[Collected data entries]
○ ○ ○ ○

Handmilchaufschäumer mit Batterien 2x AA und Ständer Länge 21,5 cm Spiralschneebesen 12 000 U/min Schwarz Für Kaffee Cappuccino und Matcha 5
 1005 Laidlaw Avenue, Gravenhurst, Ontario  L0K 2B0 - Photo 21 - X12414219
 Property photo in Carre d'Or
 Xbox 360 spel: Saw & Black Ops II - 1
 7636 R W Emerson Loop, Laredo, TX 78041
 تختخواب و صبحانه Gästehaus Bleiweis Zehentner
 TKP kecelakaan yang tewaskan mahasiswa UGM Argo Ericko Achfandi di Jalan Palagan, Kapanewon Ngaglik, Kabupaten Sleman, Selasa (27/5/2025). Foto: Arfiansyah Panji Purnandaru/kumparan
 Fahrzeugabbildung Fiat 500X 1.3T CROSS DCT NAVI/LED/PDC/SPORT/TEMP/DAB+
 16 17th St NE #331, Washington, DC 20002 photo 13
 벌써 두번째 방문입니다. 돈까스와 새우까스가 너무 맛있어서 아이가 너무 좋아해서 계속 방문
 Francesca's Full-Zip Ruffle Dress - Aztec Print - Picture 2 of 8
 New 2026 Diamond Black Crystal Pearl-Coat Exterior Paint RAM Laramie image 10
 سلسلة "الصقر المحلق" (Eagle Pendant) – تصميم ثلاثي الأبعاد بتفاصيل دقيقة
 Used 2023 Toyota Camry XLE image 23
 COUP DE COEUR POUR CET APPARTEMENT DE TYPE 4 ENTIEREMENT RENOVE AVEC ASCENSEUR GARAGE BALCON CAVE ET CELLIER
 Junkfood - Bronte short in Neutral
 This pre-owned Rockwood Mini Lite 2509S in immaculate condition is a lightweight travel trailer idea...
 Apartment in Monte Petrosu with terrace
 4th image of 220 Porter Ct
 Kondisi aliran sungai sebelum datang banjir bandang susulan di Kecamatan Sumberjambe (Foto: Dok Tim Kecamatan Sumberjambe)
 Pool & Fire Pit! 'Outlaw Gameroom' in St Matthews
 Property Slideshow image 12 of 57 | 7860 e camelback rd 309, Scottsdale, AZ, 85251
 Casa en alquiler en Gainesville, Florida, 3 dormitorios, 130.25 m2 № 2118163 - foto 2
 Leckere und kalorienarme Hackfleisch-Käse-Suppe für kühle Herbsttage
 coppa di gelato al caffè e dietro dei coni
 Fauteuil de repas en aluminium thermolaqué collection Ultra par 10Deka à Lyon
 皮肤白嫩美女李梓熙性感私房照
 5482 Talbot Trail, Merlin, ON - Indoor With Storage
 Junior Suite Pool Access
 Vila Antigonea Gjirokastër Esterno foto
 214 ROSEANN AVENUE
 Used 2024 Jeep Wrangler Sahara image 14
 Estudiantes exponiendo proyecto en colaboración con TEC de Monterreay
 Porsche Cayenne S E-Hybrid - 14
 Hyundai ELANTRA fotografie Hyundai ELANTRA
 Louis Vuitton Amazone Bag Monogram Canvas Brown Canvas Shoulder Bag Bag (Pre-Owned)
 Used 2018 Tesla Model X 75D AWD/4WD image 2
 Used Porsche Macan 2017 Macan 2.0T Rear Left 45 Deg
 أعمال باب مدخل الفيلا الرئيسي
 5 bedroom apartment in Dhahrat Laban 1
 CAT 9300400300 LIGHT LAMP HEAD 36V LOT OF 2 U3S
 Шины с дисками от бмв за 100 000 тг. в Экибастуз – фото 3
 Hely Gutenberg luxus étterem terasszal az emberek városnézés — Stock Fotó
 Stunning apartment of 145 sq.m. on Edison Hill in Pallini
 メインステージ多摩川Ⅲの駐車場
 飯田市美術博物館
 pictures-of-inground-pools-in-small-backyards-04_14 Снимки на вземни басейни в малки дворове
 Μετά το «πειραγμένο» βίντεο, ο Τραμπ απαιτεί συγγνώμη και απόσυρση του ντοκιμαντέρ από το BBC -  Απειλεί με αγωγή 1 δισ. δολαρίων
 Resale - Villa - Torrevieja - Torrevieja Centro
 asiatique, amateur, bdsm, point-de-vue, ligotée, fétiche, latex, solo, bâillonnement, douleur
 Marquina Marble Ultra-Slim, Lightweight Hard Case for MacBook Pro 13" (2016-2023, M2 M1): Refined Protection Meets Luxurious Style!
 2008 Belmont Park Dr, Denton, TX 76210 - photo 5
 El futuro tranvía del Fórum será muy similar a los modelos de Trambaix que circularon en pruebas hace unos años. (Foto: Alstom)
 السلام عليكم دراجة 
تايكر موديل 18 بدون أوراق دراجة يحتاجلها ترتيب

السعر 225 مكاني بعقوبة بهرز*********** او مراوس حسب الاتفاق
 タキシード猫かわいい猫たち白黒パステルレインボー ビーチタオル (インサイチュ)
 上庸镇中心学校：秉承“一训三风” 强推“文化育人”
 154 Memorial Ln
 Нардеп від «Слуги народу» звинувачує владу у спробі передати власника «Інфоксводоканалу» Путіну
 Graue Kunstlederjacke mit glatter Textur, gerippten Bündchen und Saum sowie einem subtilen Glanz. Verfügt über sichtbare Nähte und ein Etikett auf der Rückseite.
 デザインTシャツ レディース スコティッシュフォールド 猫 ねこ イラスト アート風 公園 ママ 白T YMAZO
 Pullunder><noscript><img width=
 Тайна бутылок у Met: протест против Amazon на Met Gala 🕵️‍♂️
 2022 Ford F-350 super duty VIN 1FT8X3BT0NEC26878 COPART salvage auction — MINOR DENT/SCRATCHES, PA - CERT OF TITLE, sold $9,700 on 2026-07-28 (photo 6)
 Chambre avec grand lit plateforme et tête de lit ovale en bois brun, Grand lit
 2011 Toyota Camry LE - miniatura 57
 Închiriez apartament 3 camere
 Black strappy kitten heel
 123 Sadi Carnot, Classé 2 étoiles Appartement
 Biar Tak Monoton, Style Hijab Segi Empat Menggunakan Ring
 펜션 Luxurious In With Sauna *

○ ○ ○ ○

WHAT YOU NEED TO DO –
For this exercise, write out all of the data exactly.

SOLUTION TO THIS TASK –
Handmilchaufschäumer mit Batterien 2x AA und Ständer Länge 21,5 cm Spiralschneebesen 12 000 U/min Schwarz Für Kaffee Cappuccino und Matcha 5
 1005 Laidlaw Avenue, Gravenhurst, Ontario  L0K 2B0 - Photo 21 - X12414219
 Property photo in Carre d'Or
 Xbox 360 spel: Saw & Black Ops II - 1
 7636 R W Emerson Loop, Laredo, TX 78041
 تختخواب و صبحانه Gästehaus Bleiweis Zehentner
 TKP kecelakaan yang tewaskan mahasiswa UGM Argo Ericko Achfandi di Jalan Palagan, Kapanewon Ngaglik, Kabupaten Sleman, Selasa (27/5/2025). Foto: Arfiansyah Panji Purnandaru/kumparan
 Fahrzeugabbildung Fiat 500X 1.3T CROSS DCT NAVI/LED/PDC/SPORT/TEMP/DAB+
 16 17th St NE #331, Washington, DC 20002 photo 13
 벌써 두번째 방문입니다. 돈까스와 새우까스가 너무 맛있어서 아이가 너무 좋아해서 계속 방문
 Francesca's Full-Zip Ruffle Dress - Aztec Print - Picture 2 of 8
 New 2026 Diamond Black Crystal Pearl-Coat Exterior Paint RAM Laramie image 10
 سلسلة "الصقر المحلق" (Eagle Pendant) – تصميم ثلاثي الأبعاد بتفاصيل دقيقة
 Used 2023 Toyota Camry XLE image 23
 COUP DE COEUR POUR CET APPARTEMENT DE TYPE 4 ENTIEREMENT RENOVE AVEC ASCENSEUR GARAGE BALCON CAVE ET CELLIER
 Junkfood - Bronte short in Neutral
 This pre-owned Rockwood Mini Lite 2509S in immaculate condition is a lightweight travel trailer idea...
 Apartment in Monte Petrosu with terrace
 4th image of 220 Porter Ct
 Kondisi aliran sungai sebelum datang banjir bandang susulan di Kecamatan Sumberjambe (Foto: Dok Tim Kecamatan Sumberjambe)
 Pool & Fire Pit! 'Outlaw Gameroom' in St Matthews
 Property Slideshow image 12 of 57 | 7860 e camelback rd 309, Scottsdale, AZ, 85251
 Casa en alquiler en Gainesville, Florida, 3 dormitorios, 130.25 m2 № 2118163 - foto 2
 Leckere und kalorienarme Hackfleisch-Käse-Suppe für kühle Herbsttage
 coppa di gelato al caffè e dietro dei coni
 Fauteuil de repas en aluminium thermolaqué collection Ultra par 10Deka à Lyon
 皮肤白嫩美女李梓熙性感私房照
 5482 Talbot Trail, Merlin, ON - Indoor With Storage
 Junior Suite Pool Access
 Vila Antigonea Gjirokastër Esterno foto
 214 ROSEANN AVENUE
 Used 2024 Jeep Wrangler Sahara image 14
 Estudiantes exponiendo proyecto en colaboración con TEC de Monterreay
 Porsche Cayenne S E-Hybrid - 14
 Hyundai ELANTRA fotografie Hyundai ELANTRA
 Louis Vuitton Amazone Bag Monogram Canvas Brown Canvas Shoulder Bag Bag (Pre-Owned)
 Used 2018 Tesla Model X 75D AWD/4WD image 2
 Used Porsche Macan 2017 Macan 2.0T Rear Left 45 Deg
 أعمال باب مدخل الفيلا الرئيسي
 5 bedroom apartment in Dhahrat Laban 1
 CAT 9300400300 LIGHT LAMP HEAD 36V LOT OF 2 U3S
 Шины с дисками от бмв за 100 000 тг. в Экибастуз – фото 3
 Hely Gutenberg luxus étterem terasszal az emberek városnézés — Stock Fotó
 Stunning apartment of 145 sq.m. on Edison Hill in Pallini
 メインステージ多摩川Ⅲの駐車場
 飯田市美術博物館
 pictures-of-inground-pools-in-small-backyards-04_14 Снимки на вземни басейни в малки дворове
 Μετά το «πειραγμένο» βίντεο, ο Τραμπ απαιτεί συγγνώμη και απόσυρση του ντοκιμαντέρ από το BBC -  Απειλεί με αγωγή 1 δισ. δολαρίων
 Resale - Villa - Torrevieja - Torrevieja Centro
 asiatique, amateur, bdsm, point-de-vue, ligotée, fétiche, latex, solo, bâillonnement, douleur
 Marquina Marble Ultra-Slim, Lightweight Hard Case for MacBook Pro 13" (2016-2023, M2 M1): Refined Protection Meets Luxurious Style!
 2008 Belmont Park Dr, Denton, TX 76210 - photo 5
 El futuro tranvía del Fórum será muy similar a los modelos de Trambaix que circularon en pruebas hace unos años. (Foto: Alstom)
 السلام عليكم دراجة 
تايكر موديل 18 بدون أوراق دراجة يحتاجلها ترتيب

السعر 225 مكاني بعقوبة بهرز*********** او مراوس حسب الاتفاق
 タキシード猫かわいい猫たち白黒パステルレインボー ビーチタオル (インサイチュ)
 上庸镇中心学校：秉承“一训三风” 强推“文化育人”
 154 Memorial Ln
 Нардеп від «Слуги народу» звинувачує владу у спробі передати власника «Інфоксводоканалу» Путіну
 Graue Kunstlederjacke mit glatter Textur, gerippten Bündchen und Saum sowie einem subtilen Glanz. Verfügt über sichtbare Nähte und ein Etikett auf der Rückseite.
 デザインTシャツ レディース スコティッシュフォールド 猫 ねこ イラスト アート風 公園 ママ 白T YMAZO
 Pullunder><noscript><img width=
 Тайна бутылок у Met: протест против Amazon на Met Gala 🕵️‍♂️
 2022 Ford F-350 super duty VIN 1FT8X3BT0NEC26878 COPART salvage auction — MINOR DENT/SCRATCHES, PA - CERT OF TITLE, sold $9,700 on 2026-07-28 (photo 6)
 Chambre avec grand lit plateforme et tête de lit ovale en bois brun, Grand lit
 2011 Toyota Camry LE - miniatura 57
 Închiriez apartament 3 camere
 Black strappy kitten heel
 123 Sadi Carnot, Classé 2 étoiles Appartement
 Biar Tak Monoton, Style Hijab Segi Empat Menggunakan Ring
 펜션 Luxurious In With Sauna *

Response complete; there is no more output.